**Information supplied:**
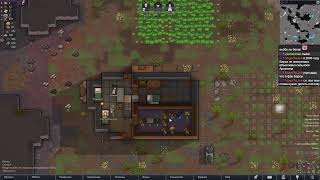 RimWorld  500  стример vs империя [upl. by Gnihc340]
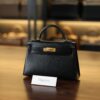 Mini Kelly Mysore Black GHW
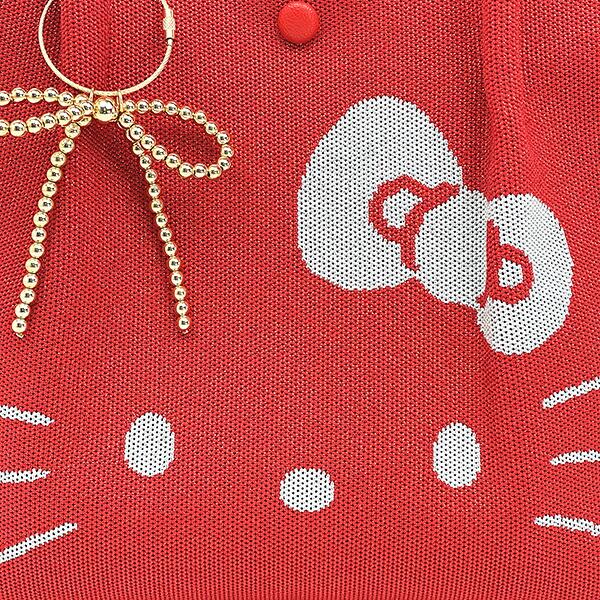 サンリオ ハローキティ トートバッグ レッド Sanrio 商品画像2：キャラグッズPERFECT WORLD TOKYO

**What you should do:**
Print the full listing above again with exact wording and no images.

**Result of this exercise:**
 RimWorld  500  стример vs империя [upl. by Gnihc340]
 Mini Kelly Mysore Black GHW
 サンリオ ハローキティ トートバッグ レッド Sanrio 商品画像2：キャラグッズPERFECT WORLD TOKYO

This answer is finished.